• Instructions to follow:
Leaving out the images, return the data below exactly as it is written.

• Dataset excerpt:

----

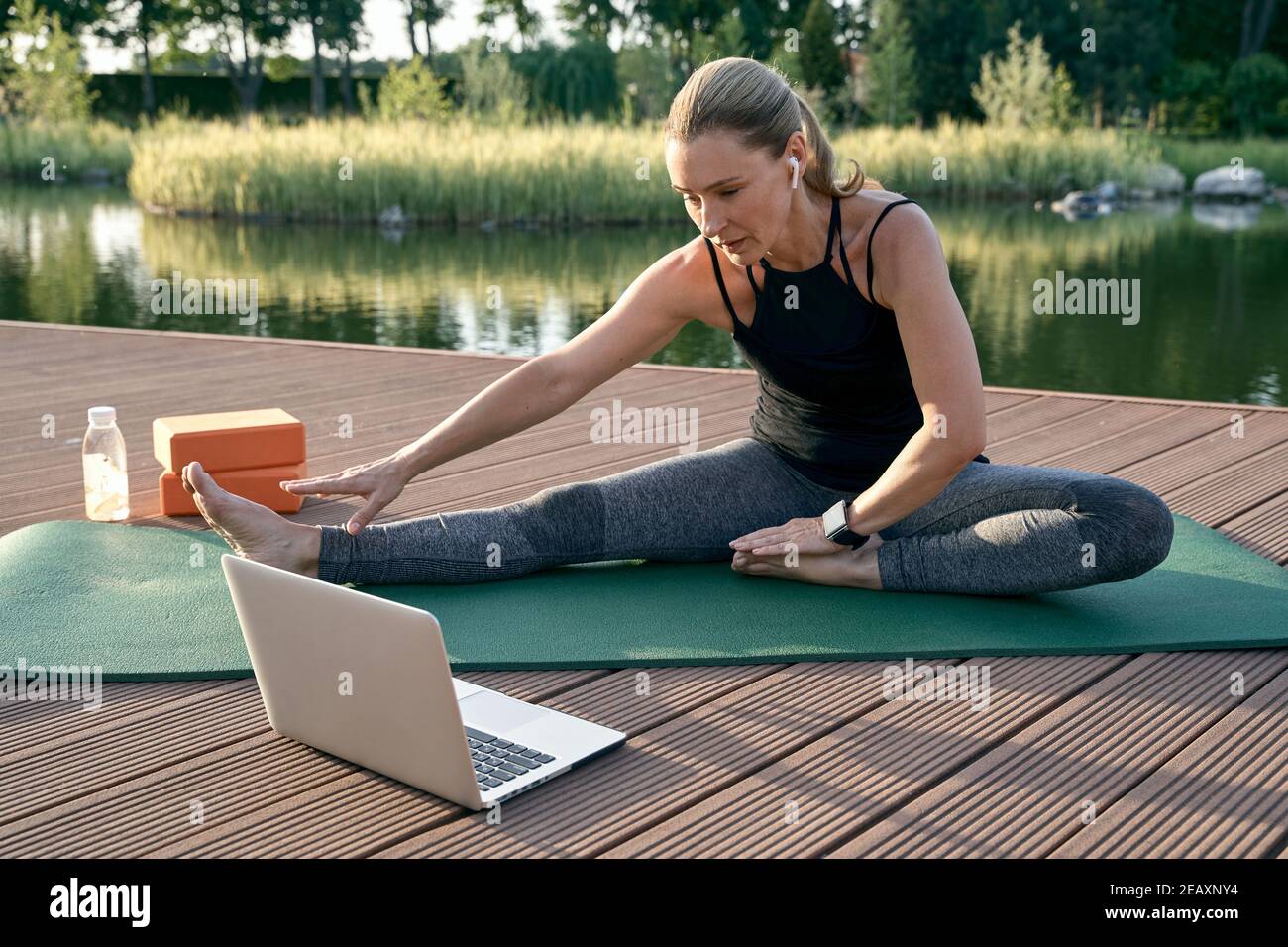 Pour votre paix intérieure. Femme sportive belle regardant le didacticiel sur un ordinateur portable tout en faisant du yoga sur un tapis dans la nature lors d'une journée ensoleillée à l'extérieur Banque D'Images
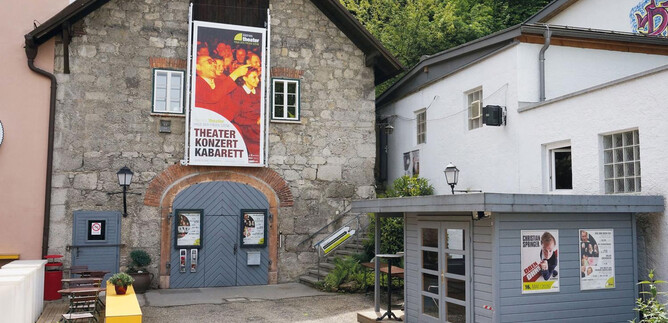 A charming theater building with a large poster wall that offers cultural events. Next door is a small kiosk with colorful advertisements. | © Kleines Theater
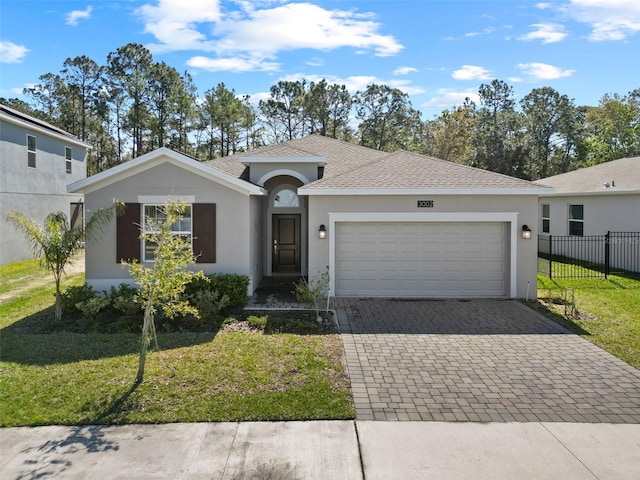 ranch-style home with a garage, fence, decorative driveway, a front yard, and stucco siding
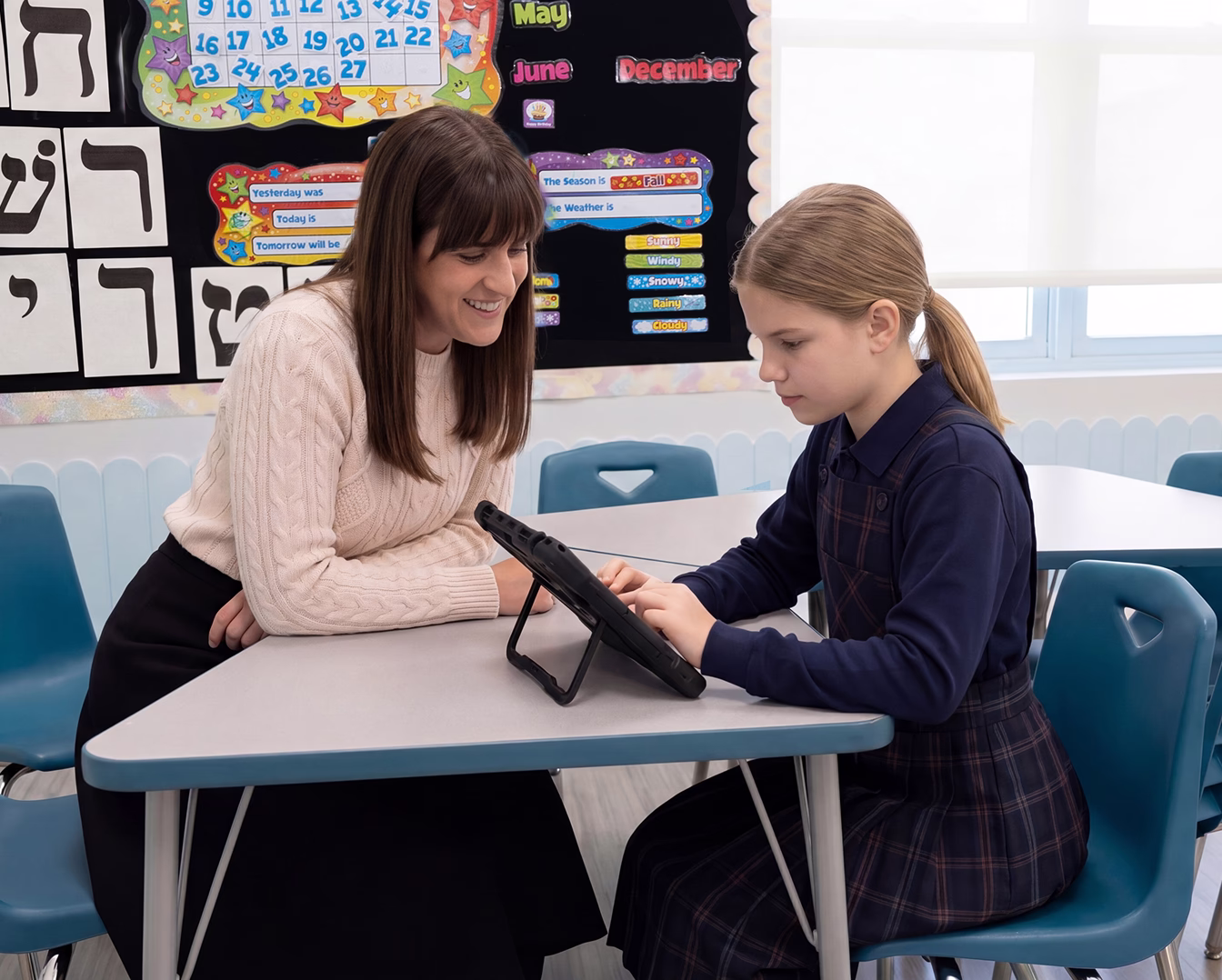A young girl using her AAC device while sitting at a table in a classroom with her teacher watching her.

----

• Task answer:
 Pour votre paix intérieure. Femme sportive belle regardant le didacticiel sur un ordinateur portable tout en faisant du yoga sur un tapis dans la nature lors d'une journée ensoleillée à l'extérieur Banque D'Images
 A charming theater building with a large poster wall that offers cultural events. Next door is a small kiosk with colorful advertisements. | © Kleines Theater
 ranch-style home with a garage, fence, decorative driveway, a front yard, and stucco siding
A young girl using her AAC device while sitting at a table in a classroom with her teacher watching her.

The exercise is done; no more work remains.